Spatula, Spoon and Saturday

Eating and Cooking all the things in Melbourne

Shashlik – A Russian Barbecue

I should probably get this post out before winter is over, shouldn’t I? This was a lovely winter barbecue event rather than a traditional summer one. My dearest Tania invited us over to her place for a Russian-style barbecue (either that or it’s Tania-style barbecue) of shashlik.

Shashlik is basically a good-ol’ meat-on-a-stick food. Let’s face it, you put some meat on a stick, chuck the sticks on some fire equals fantastic results for non-vegos. Primitive? Of course. Delicious? Hells yeah!

Tania and her nice Mum and aunt had themselves cubing two whole legs of lamb and chicken breasts (I imagine more time than I personally would have cared for chopping meat).

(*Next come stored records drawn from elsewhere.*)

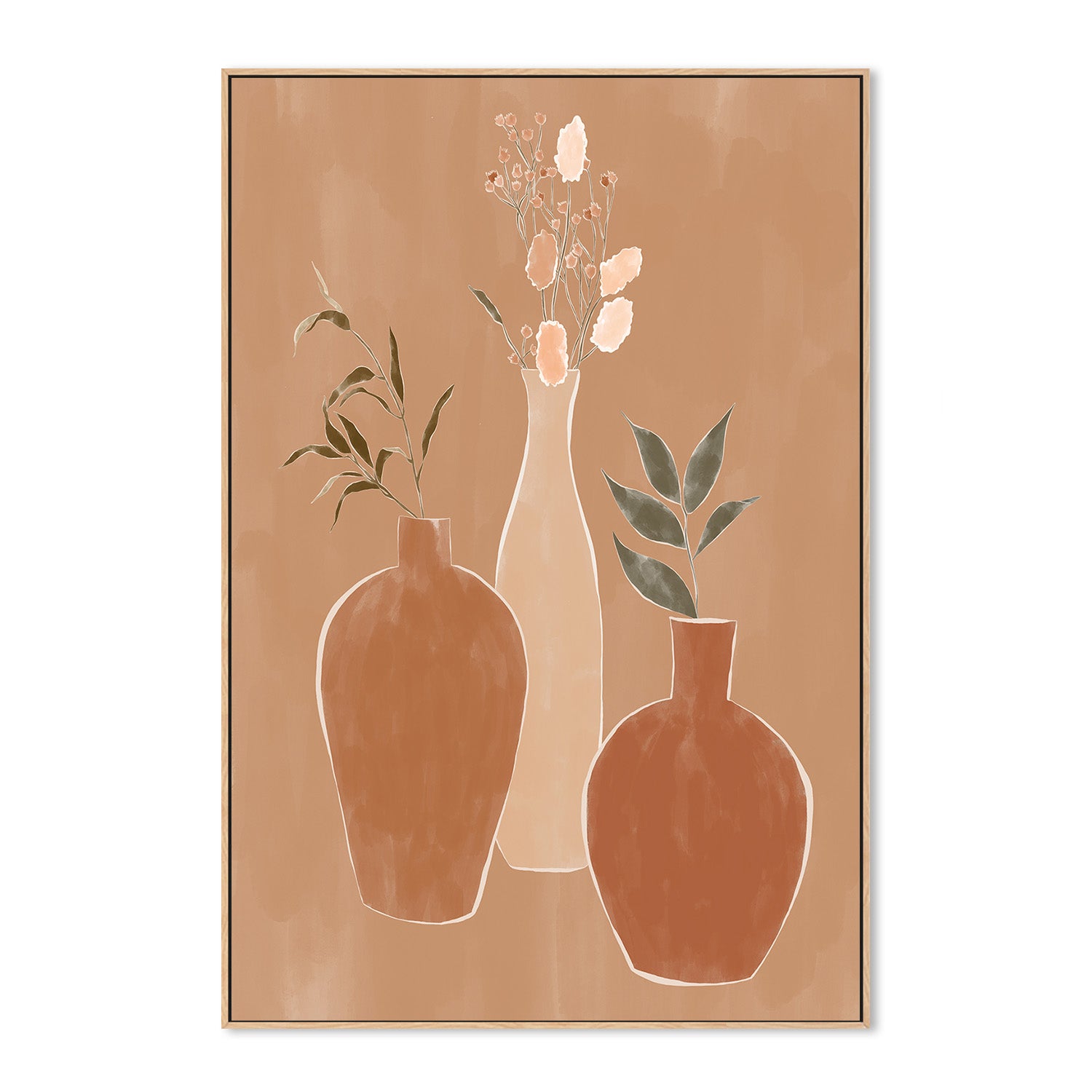Rustic Flower Vases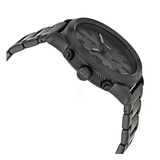 WW0151 Diesel Rasp Black Sunray Dial Chronograph Stainless Steel Chain Watch DZ4453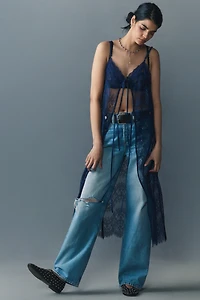 Ética Stanton Mid-Rise Relaxed Wide-Leg Jeans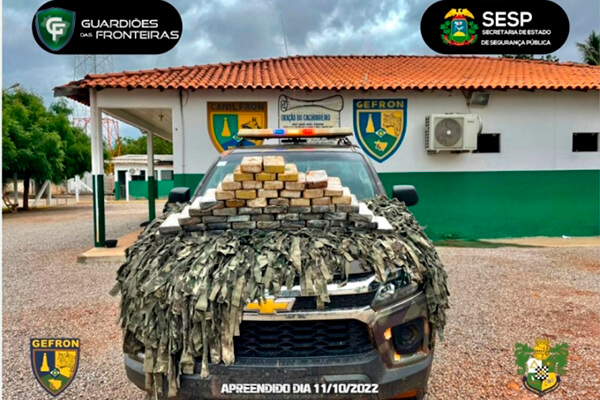 Gefron apreende aproximadamente 60kg de entorpecentes em Cáceres; veja vídeo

She then marinated the meat over night. I got there early and helped her thread the meat, onion and red and green capsicums on the shashlik skewers.

Tania’s Lamb Shashlik Marinade

This is the recipe Tania gave me. Yes, without the measurements. Tania wrote “The proportions depend on the amount of meat – just add everything to taste.” I strongly suspect it’s a try-your-own combination type thing.

  1. Lamb leg (or chops) cut into 3cm cubes
  2. Garlic
  3. Salt
  4. Vegetable oil
  5. Soy sauce
  6. Mild curry powder
  7. Chilli powder
  8. Chilli and garlic sauce (no idea what this is, Tania?)

Tania’s Chicken Shashlik Marinade

Tania wrote, “the chicken shashlik can be marinated using the same ingridients as the lamb. But I used garlic, salt, pepper and mayo.”

Simple huh? Of course, you’d also need onion, red and green capsicum. The most important thing to bear in mind is when threading the meat onto the skewer, you must ensure not to leave any bits of meat hanging out of the ‘square’ as those bits would burn.

Meanwhile, the others got the fire started in Tania’s special shashlik barbecue (I’m sure it has a name). This little device is basically a barbecue where you stick any random bits of wood at the end and let it burn down to embers which you then drag across to the rest of the long canal – a perfect size for shashlik skewers. Genius. This is how you should cook meat, over hot char coals and not ridiculously smoky flames. Did you hear that, Rockpool Bar & Grill*?

We were all tasked with bringing side dishes. I was tasked with “Bread. And a salad” and so I did.

(My Japanese potato salad)

I had all the ingredients for a Japanese potato salad which is really a cross between potato salad and mashed potatoes. It was delicious if I, ahem, may say so myself.

(Another potato salad)

Some bloke Lucas brought his ‘family recipe’  potato salad (I think Polish but I could be wrong). It’s strange how pretty much the same ingredients can turn out two totally different salads. His consisted of potatoes, mayonnaise (in much greater quantity, admittedly), pickled gherkins (I had fresh cucumber), carrots, boiled eggs. I had some red onions and he had some peas. But otherwise as we say in Thailand, ‘same same but different’. It was really good. I had a heap of it.

(Purebread Bakery rosemary focaccia)

I also brought bread. From Purebread Bakery, of course. Some Turkish, some rosemary focaccia and their recent invention, roasted garlic sourdough.

(Roasted garlic sourdough)

So roasted garlicky and moreish. Love.

And what’s a barbecue without lots of boiled corn? And lots of butter of course.

And also some mixed bean salad was brought by another lovely person I can’t recall her name. If I didn’t make the potato salad I would have made some rice and bean salad. Great minds think alike and all that.


And my plate. One of the many. I think I ate about 50 skewers. Or something. I lost count.

Prijatnogo appetita!

* Sorry I can’t help it. The story is I went to Rockpool B&G last week and was totally underwhelmed by their food, especially their steak. But no camera = no review.